Leave the pictures out and write out the rest of the listing word for word.

++++ Information provided

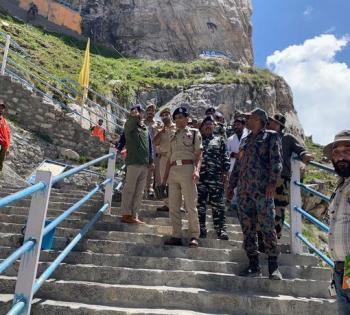 आईजीपी कश्मीर विजय कुमार ने किया अमरनाथ पवित्र गुफा का दौरा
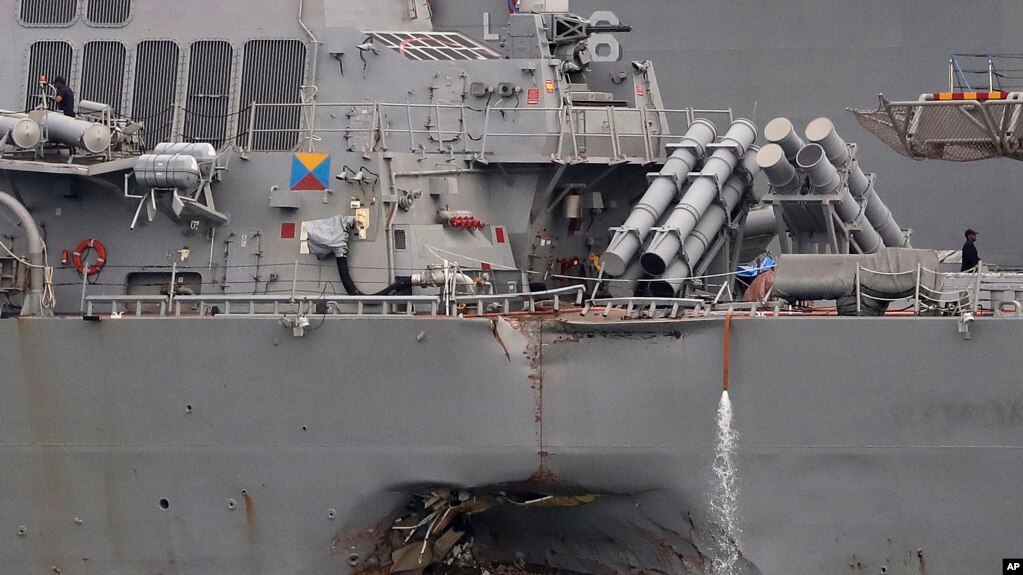 Vết thủng bên hông khu trục hạm USS John S. McCain khi tàu này đậu tại căn cứ hải quân Changi của Singapore ngày 22/8/2017.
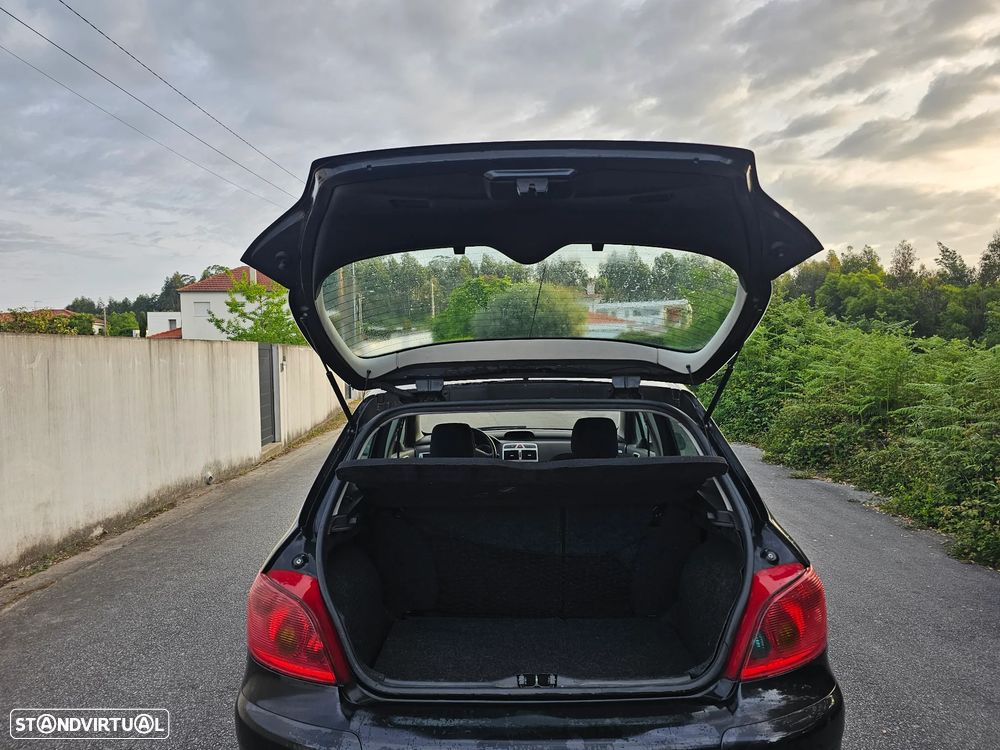 Peugeot 307 1.6 HDi Premium - 17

++++++++

Answer box »
 आईजीपी कश्मीर विजय कुमार ने किया अमरनाथ पवित्र गुफा का दौरा
 Vết thủng bên hông khu trục hạm USS John S. McCain khi tàu này đậu tại căn cứ hải quân Changi của Singapore ngày 22/8/2017.
 Peugeot 307 1.6 HDi Premium - 17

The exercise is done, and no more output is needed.